What the response needs is every record, repeated verbatim, and no images.

__________________________________________________

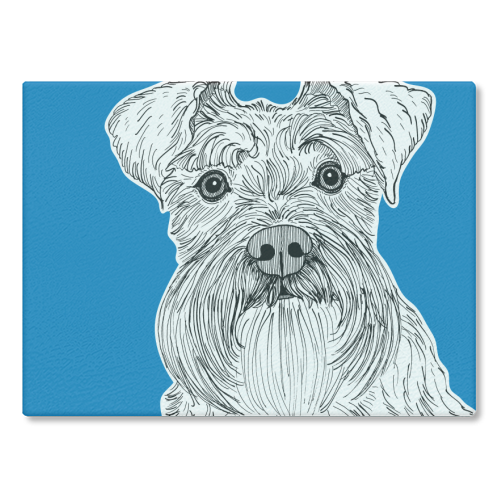 Schnauzer Dog Portrait ( blue background ) - glass chopping board by Adam Regester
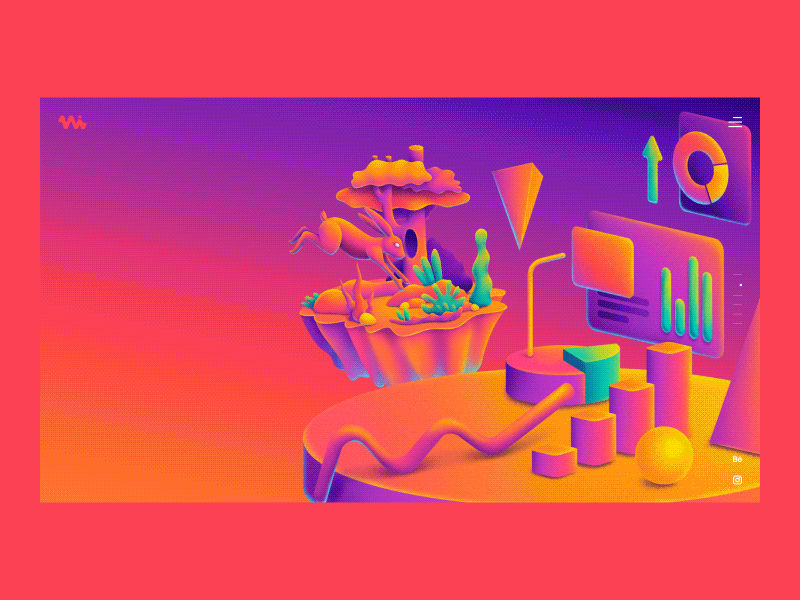 Part of my new work for Website Agency agency animation artwork color design gradient head illustration interaction interface man rabbit research science statistics uiux web webdesign website wood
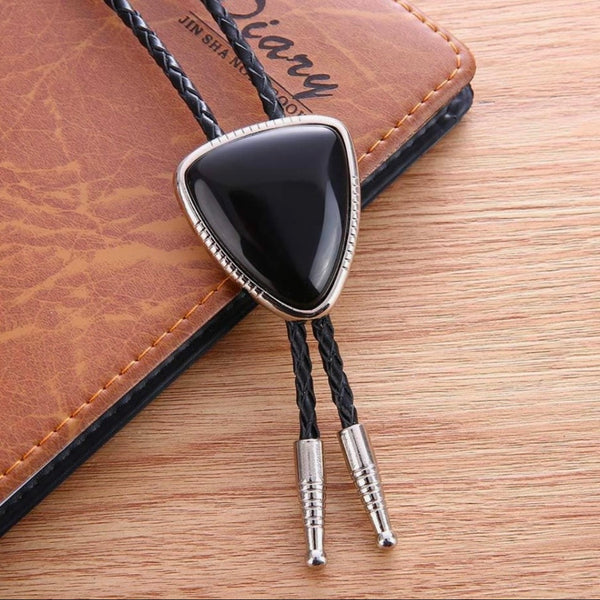 Triangle Black Agate Stone Bolo Tie Mens Casual Western Cowboy Accessory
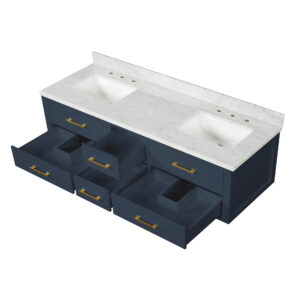 Castor 72W x 22D Blue Double Bath Vanity, Carrara Marble Top, and 34Mirrors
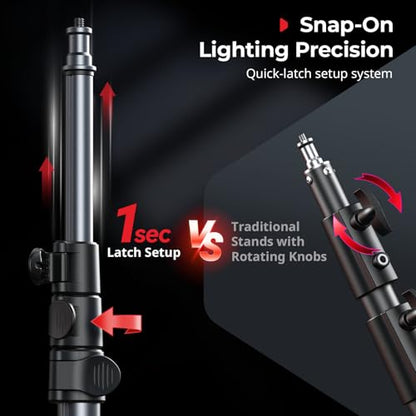 SMALLRIG 74.8"/ 6.23 ft Adjustable Light Stand Photography, Max Load 8.8 lb, Compact Lighting Tripod Stand for Softbox, Flashlights, Ring Light, LED Video Lights, COB Light, Folded Size 16.5" - 5475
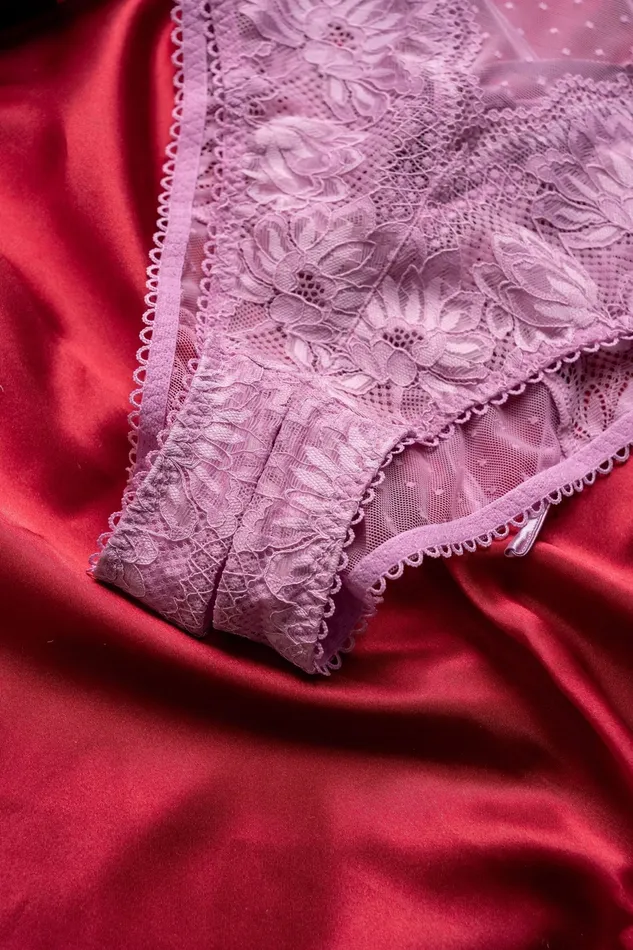 Mentionables High Waist Lace Up Crotchless Panty Lilac Female Sex Toys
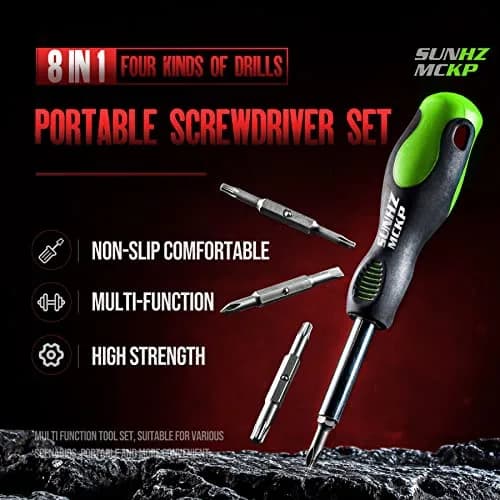 SUNHZ MCKP 8-in-1 Multi-Purpose Screwdriver Set with Magnetic Bits | Ergonomic Grip & High-Strength Steel thumbnail 2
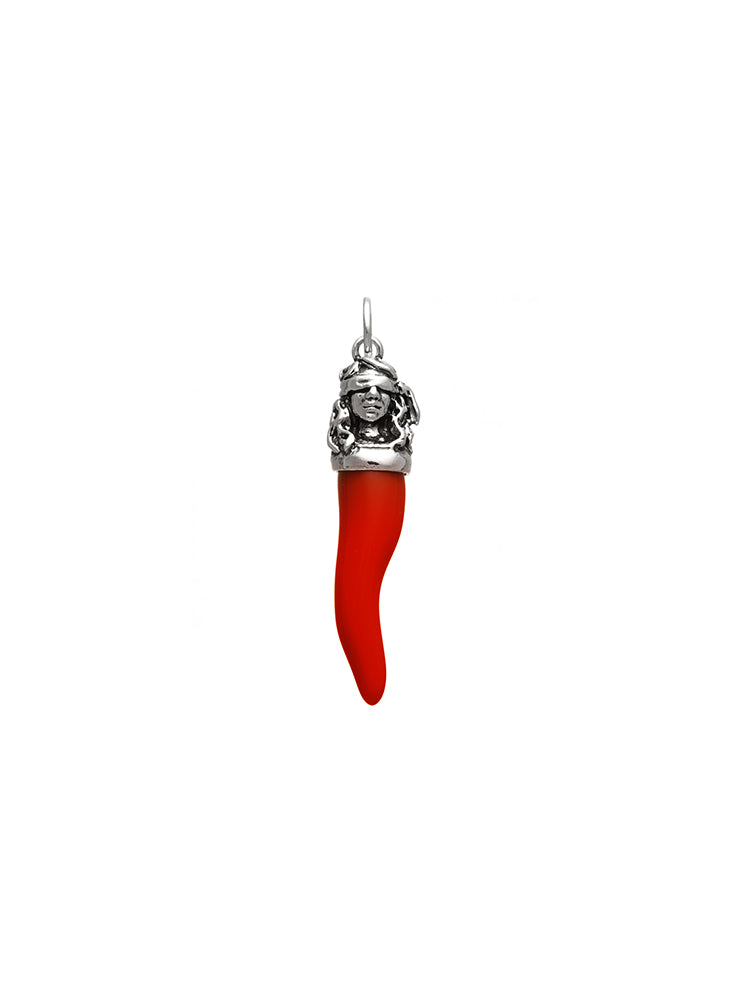 CHARM DONNA CORNO ROSSO DEA FORTUNA IN ARGENTO 925 GIOVANNI RASPINI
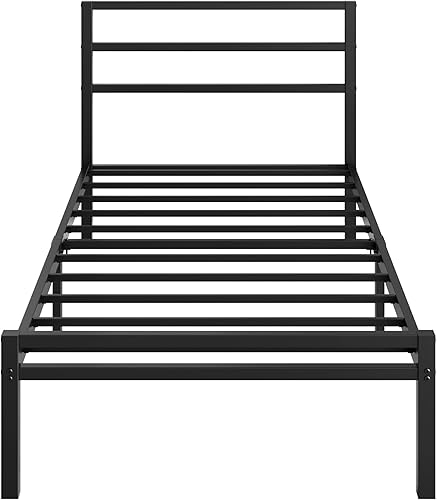 Miniatura 9 de Base de cama individual de 12 pulgadas con cabecero y estribo, marco de cama de plataforma de metal clásico, tamaño individual, no necesita somier,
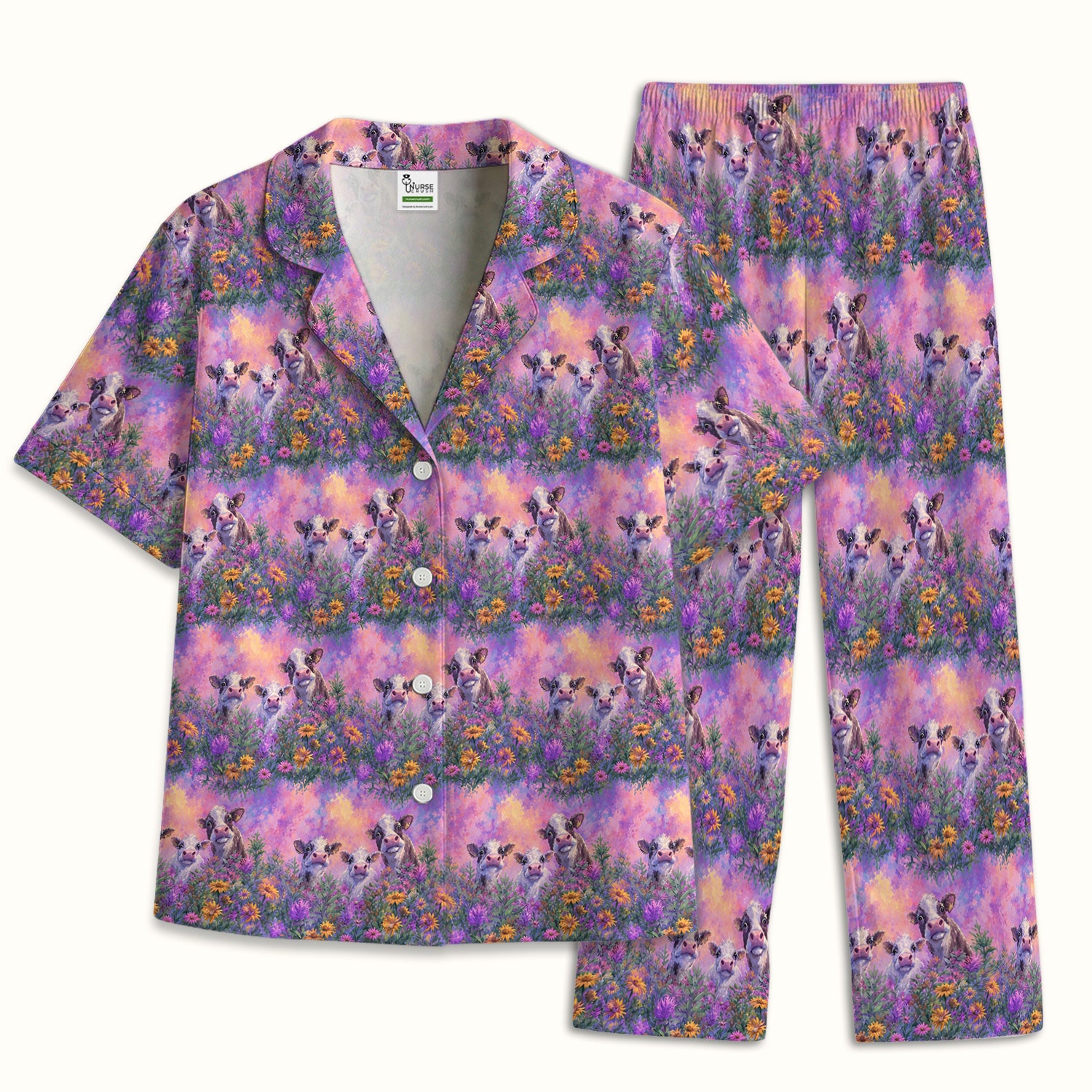 Pastel Cow Meadow Flower Pattern Pajama Set, Soft Breathable Fabric Comfortable Sleepwear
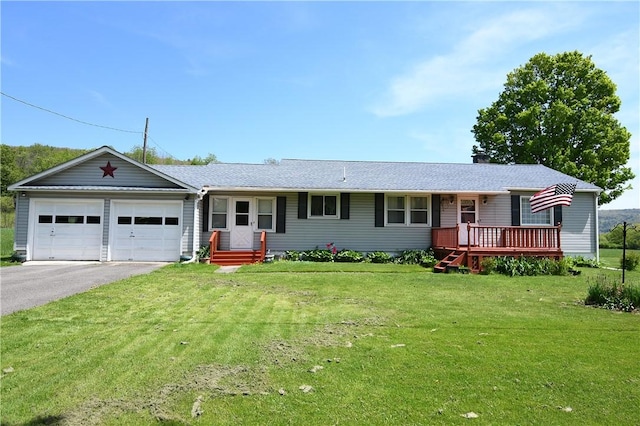 158 Dingman Hill Rd, Bainbridge, NY 13733 - single story home with a garage, asphalt driveway, a front lawn, and a chimney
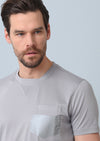 Gri Baskılı %100 Pamuk T-Shirt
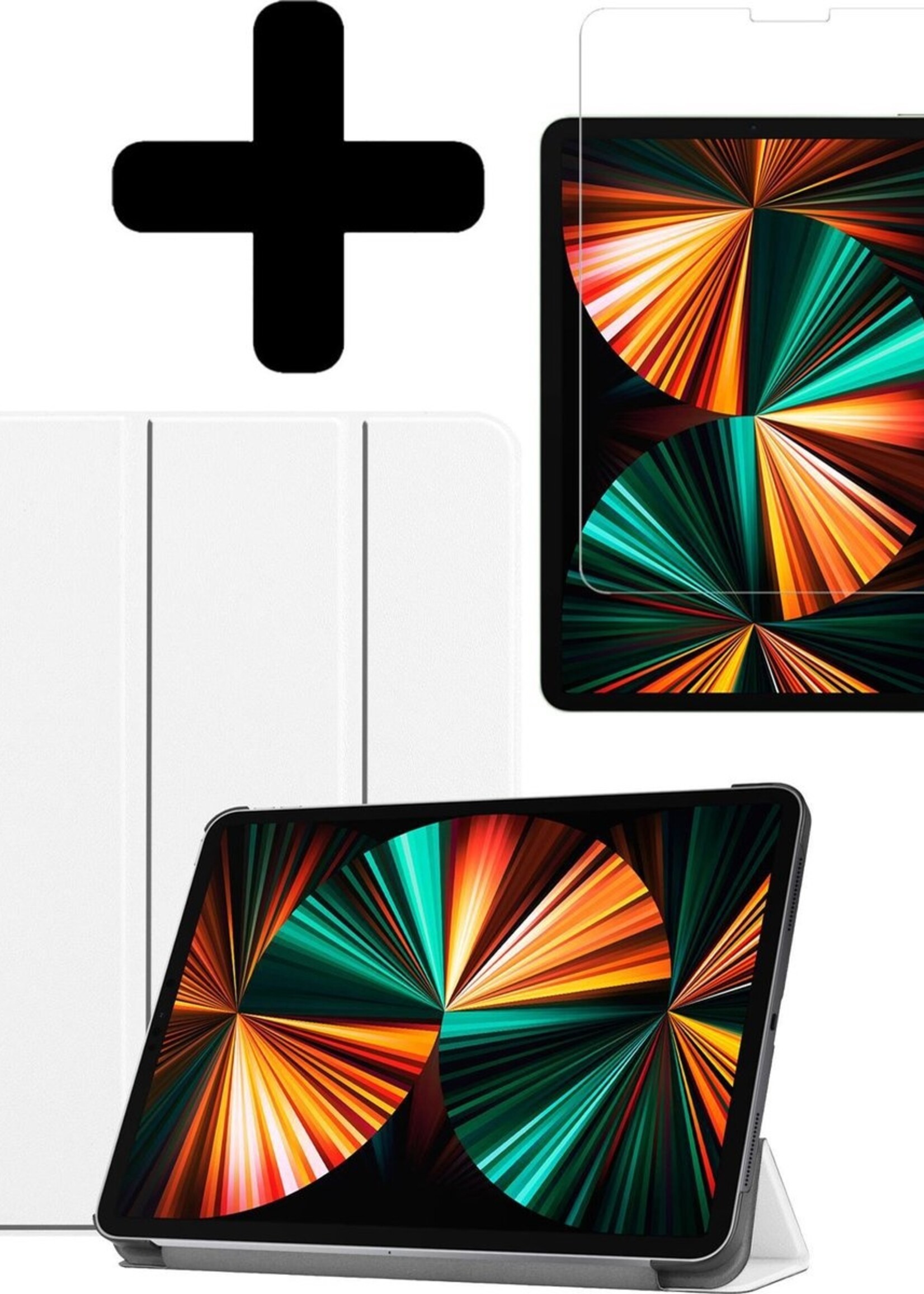 LUQ Hoes Geschikt voor iPad Pro 2021 (11 inch) Hoes Luxe Hoesje Book Case Met Screenprotector - Hoesje Geschikt voor iPad Pro 11 inch (2021) Hoes Cover - Wit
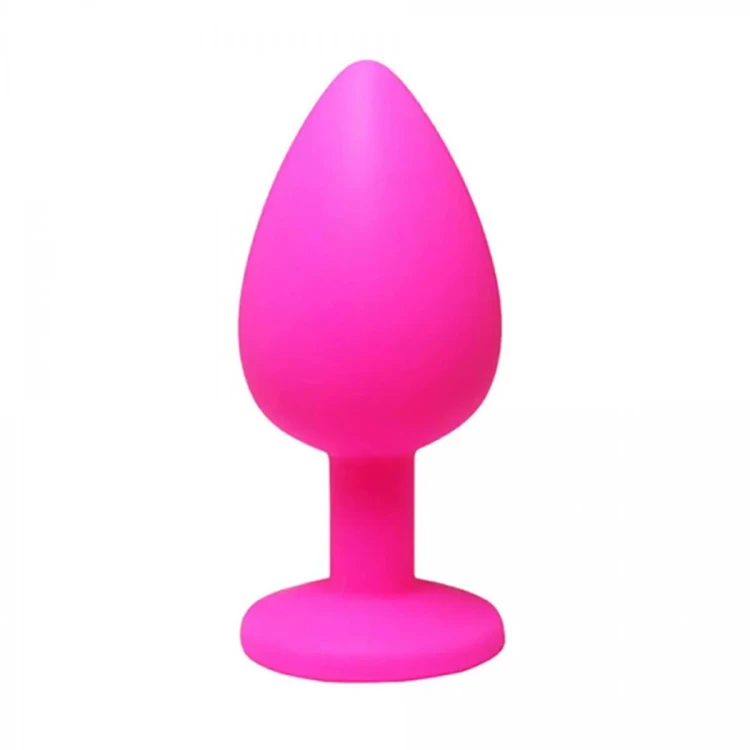 Pink medium butt plug with white crystal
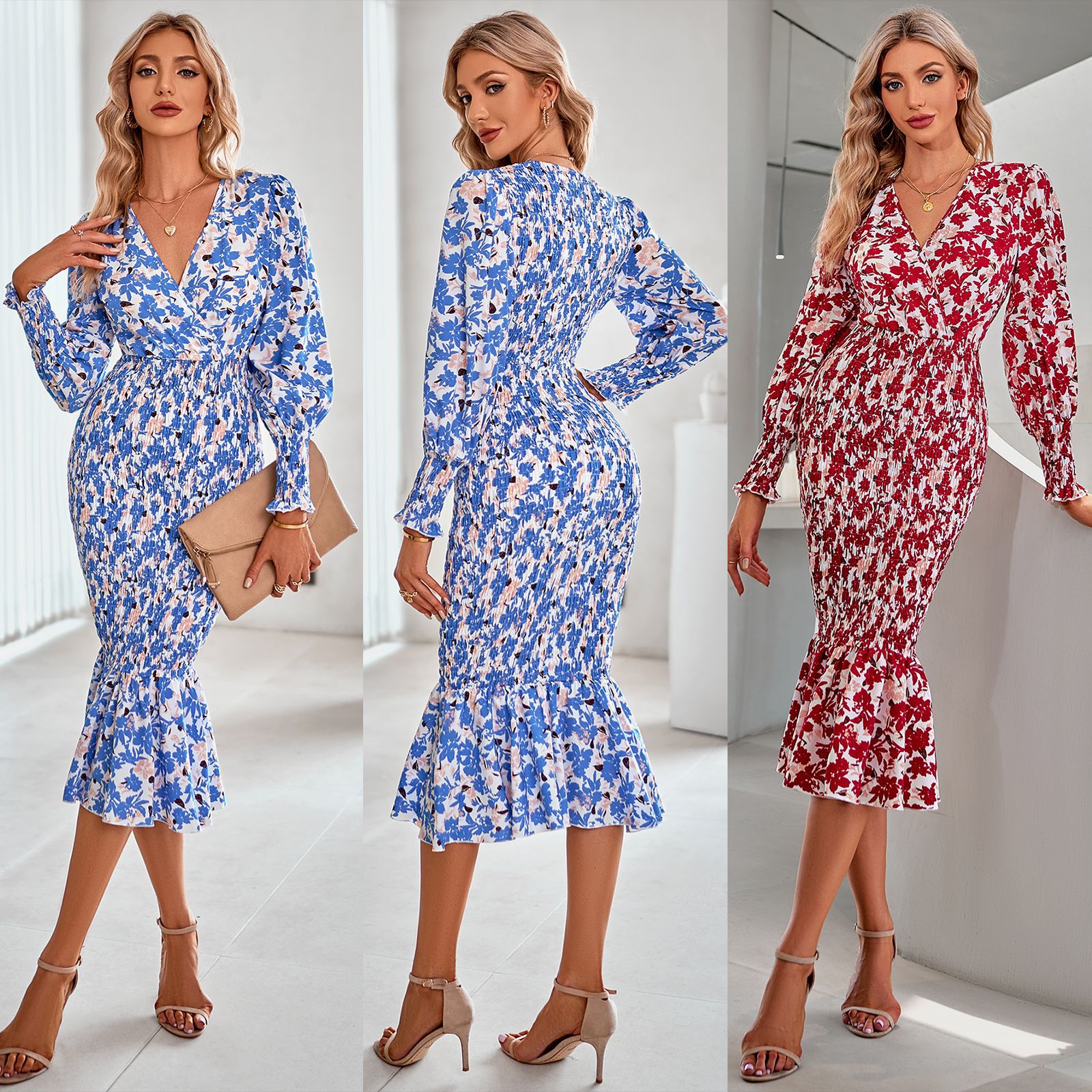 V-neck pleated printed maxi dress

__________________________________________________

(REPLY):
 Schnauzer Dog Portrait ( blue background ) - glass chopping board by Adam Regester
 Part of my new work for Website Agency agency animation artwork color design gradient head illustration interaction interface man rabbit research science statistics uiux web webdesign website wood
 Triangle Black Agate Stone Bolo Tie Mens Casual Western Cowboy Accessory
 Castor 72W x 22D Blue Double Bath Vanity, Carrara Marble Top, and 34Mirrors
 SMALLRIG 74.8"/ 6.23 ft Adjustable Light Stand Photography, Max Load 8.8 lb, Compact Lighting Tripod Stand for Softbox, Flashlights, Ring Light, LED Video Lights, COB Light, Folded Size 16.5" - 5475
 Mentionables High Waist Lace Up Crotchless Panty Lilac Female Sex Toys
 SUNHZ MCKP 8-in-1 Multi-Purpose Screwdriver Set with Magnetic Bits | Ergonomic Grip & High-Strength Steel thumbnail 2
 CHARM DONNA CORNO ROSSO DEA FORTUNA IN ARGENTO 925 GIOVANNI RASPINI
 Miniatura 9 de Base de cama individual de 12 pulgadas con cabecero y estribo, marco de cama de plataforma de metal clásico, tamaño individual, no necesita somier,
 Pastel Cow Meadow Flower Pattern Pajama Set, Soft Breathable Fabric Comfortable Sleepwear
 158 Dingman Hill Rd, Bainbridge, NY 13733 - single story home with a garage, asphalt driveway, a front lawn, and a chimney
 Gri Baskılı %100 Pamuk T-Shirt
 LUQ Hoes Geschikt voor iPad Pro 2021 (11 inch) Hoes Luxe Hoesje Book Case Met Screenprotector - Hoesje Geschikt voor iPad Pro 11 inch (2021) Hoes Cover - Wit
 Pink medium butt plug with white crystal
 V-neck pleated printed maxi dress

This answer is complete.